- 1 onion
- 3 garlic cloves
- 2 large fresh red chillies
- a small handful of coriander
- 500g salmon fillet, skin off and pin-boned (ask your fishmonger to do this for you)
- 300g sugar snap peas
- 2 tablespoons vegetable oil
For The Sauce
- 4 tablespoons XO sauce
- 2 tablespoons light soy sauce
- 1 tablespoon oyster sauce
- 2 tablespoons sweet chilli sauce
- 200ml chicken or fish stock
- Finely slice the onion, garlic and chilli. Roughly chop the coriander.
- Cut the salmon into large ½cm bite-sized pieces. Mix all the sauce ingredients together in a small bowl.
BUILD YOUR WOK CLOCK:
- Place your sliced onion at 12 o’clock, then arrange the garlic, chilli, sugar snap peas, salmon, sauce bowl and coriander clockwise around your plate.
- Heat 1 tablespoon of vegetable oil in a wok over a high heat until smoking-hot.
- Add the onion, garlic and chilli and stir-fry for 30 seconds until lightly browned, then add the sugar snap peas and stir-fry for a further minute until the peas are slightly coloured.

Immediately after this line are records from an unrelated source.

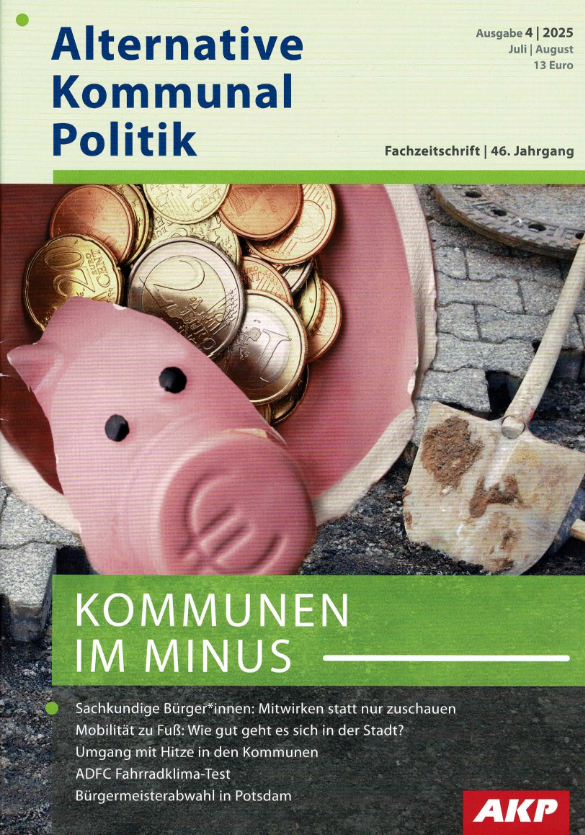 Das Titelbild der AKP zum Thema "Kommunen im Minus" zeigt ei zerschlagenes Sparschwein vor dem Hintergrund einer kaputten Straße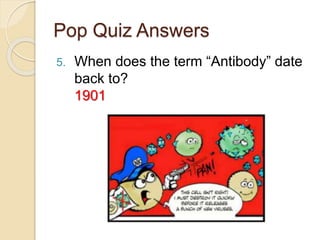 Pop Quiz Answers
5. When does the term “Antibody” date
back to?
1901
 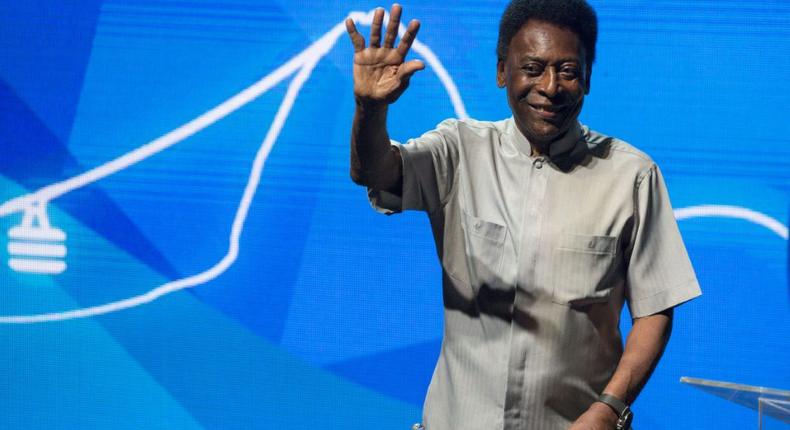 Brazilian football star Pele (pictured January 2018) was admitted to hospital to continue treatment for a colon tumor Creator: MAURO PIMENTEL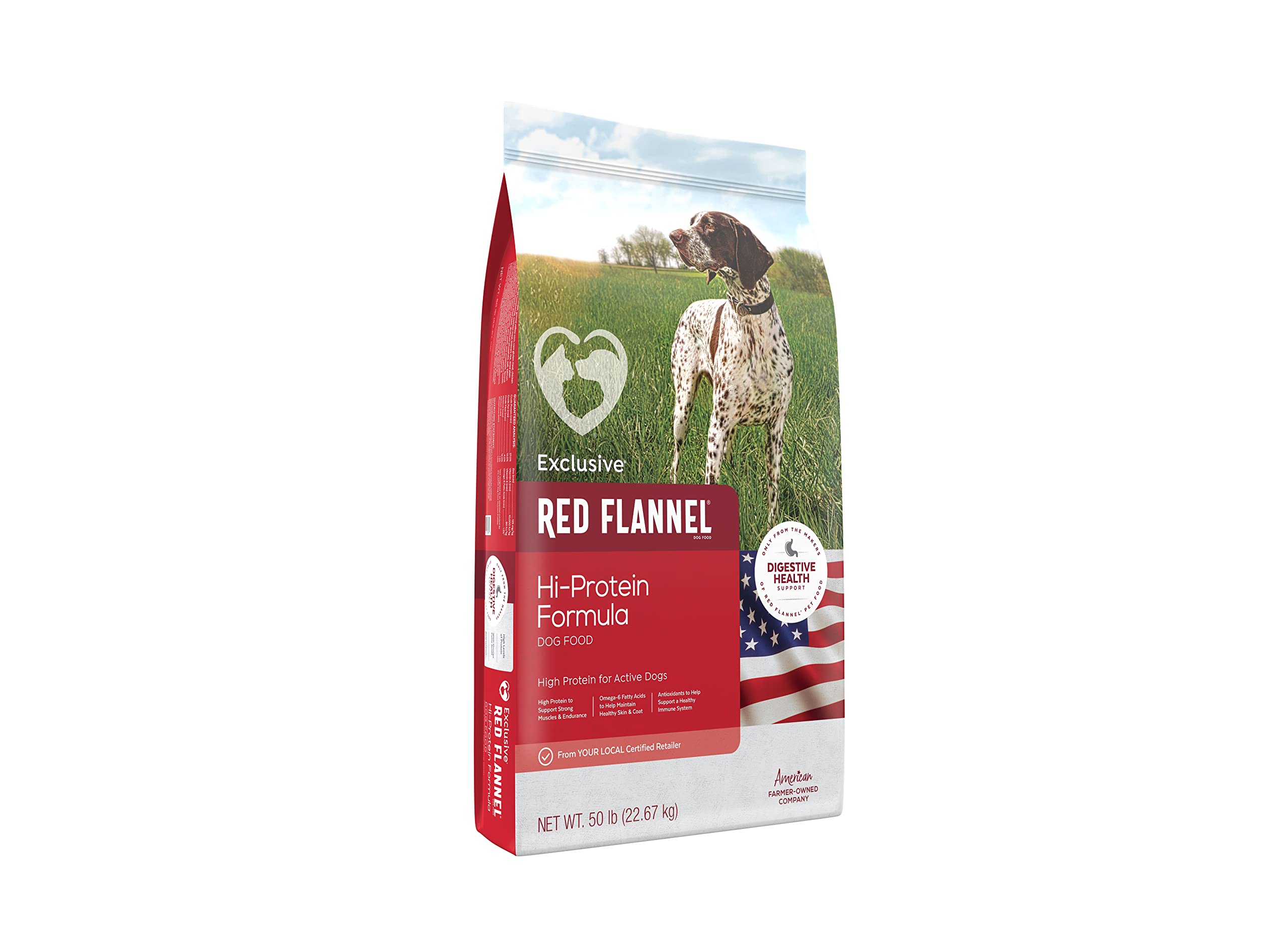 Red Flannel | Hi-Protein Formula Dog Food | 50 Pound (50 LB) Bag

- Transfer the ingredients from the wok to a bowl, add a further 1 tablespoon of oil to the wok and return to smoking point. Allow to smoke for 5 seconds to ensure the wok is hot enough for the fish to sear well without sticking, then add the salmon. Stir fry for 1─2 minutes until the salmon is browned on all sides.
- Return the vegetables to the wok, pour over the sauce and bring to a vigorous boil. Cook for a further 1 minute until the sauce has thickened and reduced enough to just coat the ingredients, then transfer to a large dish. Scatter over the coriander and serve with a side of steamed rice
TIP: The best way to turn the salmon (or any fragile ingredient) in the wok while stir-frying without breaking up the delicate pieces is to use a fish slice, lifting up and folding the ingredients gently from underneath.